Il 20 giugno il ministro Bonino incontra il capo della polizia Pansa, gli chiede maggiori elementi e gli comunica le richieste dell’ONU.

Tra il 3 e il 4 luglio il ministro Bonino fa di nuovo ricevere al ministero gli avvocati della famiglia Ablyazov e viene informata da un suo contatto personale che il Financial Times sta preparando un nuovo articolo di denuncia di quanto è accaduto, a cui seguiranno quelli sulla stampa italiana che di fatto riapriranno pubblicamente il caso. L’8 e il 9 luglio Bonino fissa appuntamenti con gli avvocati della famiglia Ablyazov e con l’ONG che sta seguendo il caso in Kazakistan. Nei giorni successivi la questione assume infine un rilievo politico e pubblico notevole, e le richieste di spiegazioni al ministero degli Interni arriveranno con insistenza da molte altre parti.

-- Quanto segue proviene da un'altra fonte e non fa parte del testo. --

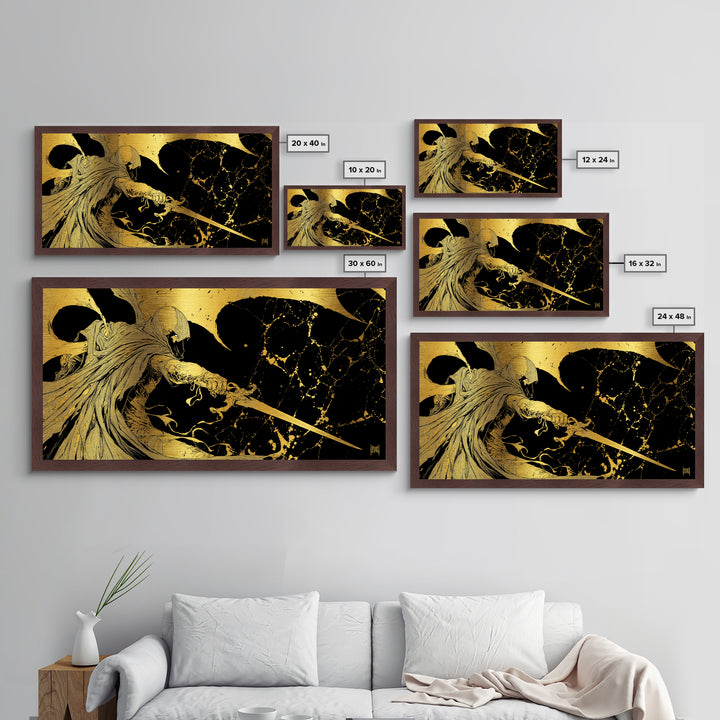 Nemesis Metallic Gold Metal Print, Greek Goddess Wall Art, Mythology Decor, Luxury Gold Artwork, Real Wood Frame Home Decor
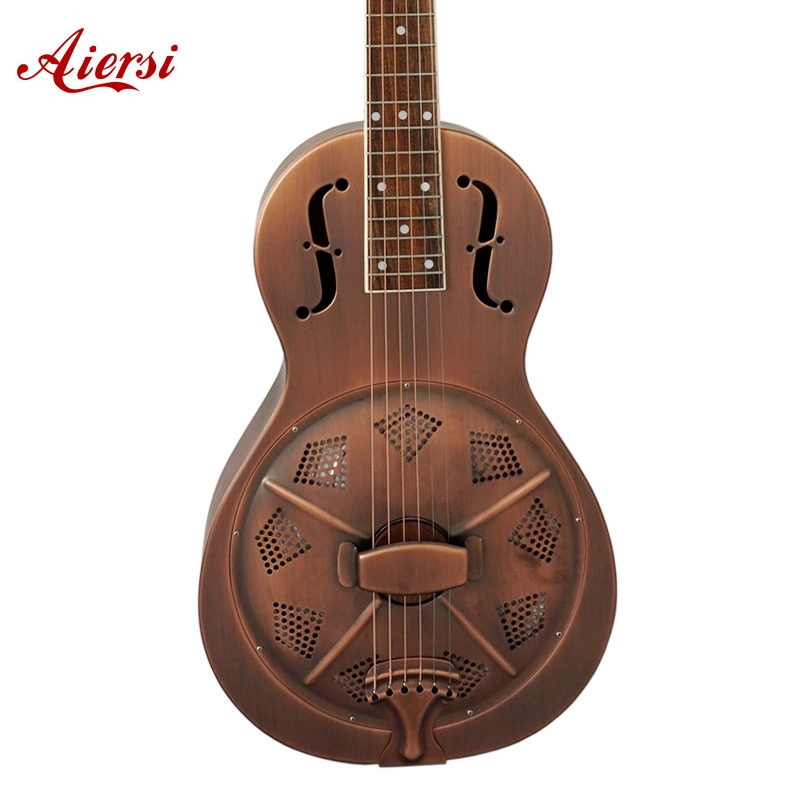 Aiersi Brand Vintage Red Rust Bell Brass Body Parlor Resonator Guitar for Sale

Quello che questa ricostruzione non chiarisce ancora è: il ministero degli Esteri aveva informazioni sufficienti per intervenire politicamente in maniera più forte all’inizio di giugno, e aveva gli strumenti per farlo? Gli esaurienti articoli sulla figura di Ablyazov – assai più complessa della definizione di “pericoloso latitante” fornita dai kazaki – usciti già in quei primi giorni, e le informazioni sul suo conflitto politico con il presidente Nazarbayev estesamente presenti anche su Internet, erano noti almeno al ministero degli Esteri? E se sì – se no, c’è evidentemente un problema di competenza – la lealtà al governo e il rispetto dei canali istituzionali non sono stati eccessivi da parte del ministro Bonino, di fronte alle parziali ed elusive risposte ricevute? Non avrebbe dovuto farsi carico dei diritti delle vittime – evidenti in questa storia da subito – anche pubblicamente e rivendicando il proprio ruolo rispetto alle ingerenze indebite dell’ambasciata kazaka sul ministero degli Interni?

Queste domande sono tra quelle che la Commissione Diritti Umani del Senato dovrà fare al ministro Bonino mercoledì.